INSTRUCTIONS FOR THE TASK: Transcribe only the lines of the listing below from the one holding "Monomando Extraible TEC149SS TECNOLAM" through the one holding "Brake Master Cylinder", inclusive, without any change.

TASK MATERIAL:
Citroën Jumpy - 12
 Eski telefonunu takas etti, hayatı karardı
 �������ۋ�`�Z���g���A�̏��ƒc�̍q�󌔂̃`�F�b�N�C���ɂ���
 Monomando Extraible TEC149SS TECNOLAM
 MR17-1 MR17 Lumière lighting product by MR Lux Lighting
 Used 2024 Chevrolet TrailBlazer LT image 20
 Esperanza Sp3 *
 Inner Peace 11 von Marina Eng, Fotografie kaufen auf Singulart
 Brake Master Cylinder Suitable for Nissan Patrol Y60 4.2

---

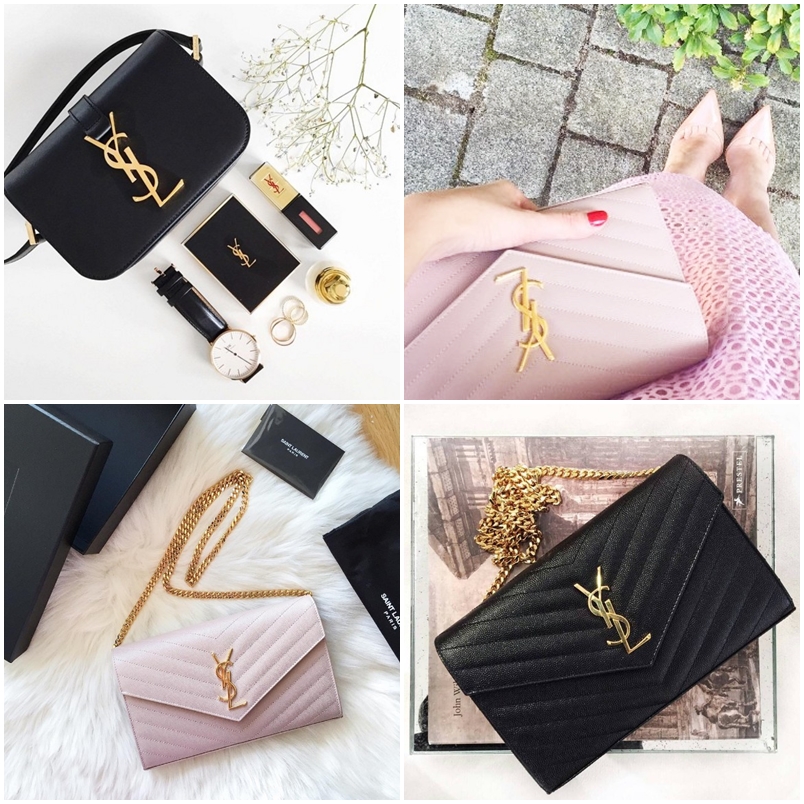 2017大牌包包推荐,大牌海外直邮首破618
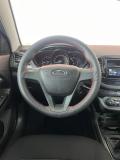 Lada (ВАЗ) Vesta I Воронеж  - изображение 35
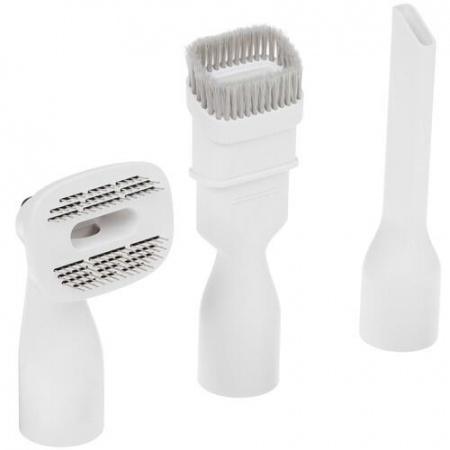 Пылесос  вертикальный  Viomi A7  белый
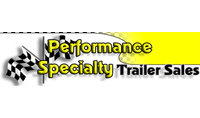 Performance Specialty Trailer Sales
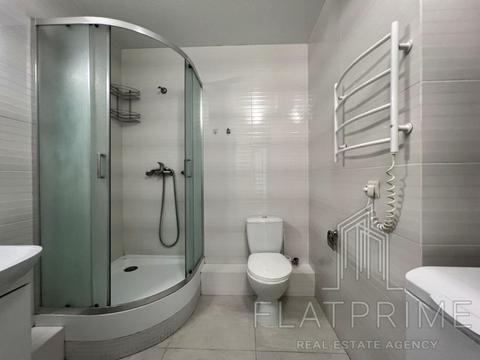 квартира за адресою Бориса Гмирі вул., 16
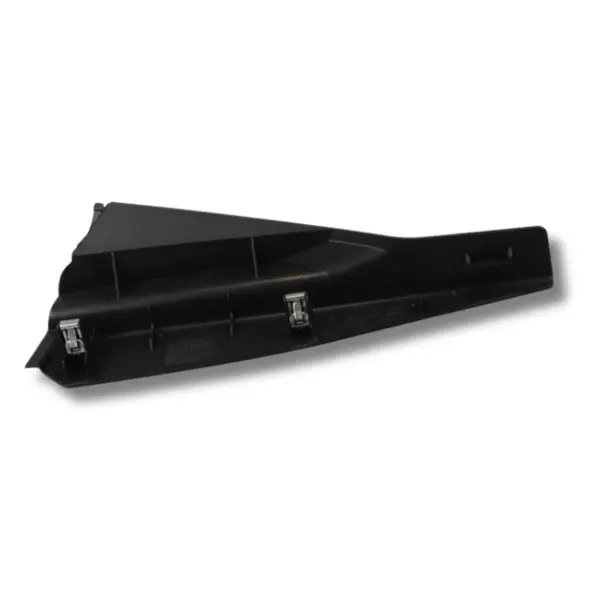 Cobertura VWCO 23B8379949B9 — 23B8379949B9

ANSWER SECTION:
 Monomando Extraible TEC149SS TECNOLAM
 MR17-1 MR17 Lumière lighting product by MR Lux Lighting
 Used 2024 Chevrolet TrailBlazer LT image 20
 Esperanza Sp3 *
 Inner Peace 11 von Marina Eng, Fotografie kaufen auf Singulart
 Brake Master Cylinder Suitable for Nissan Patrol Y60 4.2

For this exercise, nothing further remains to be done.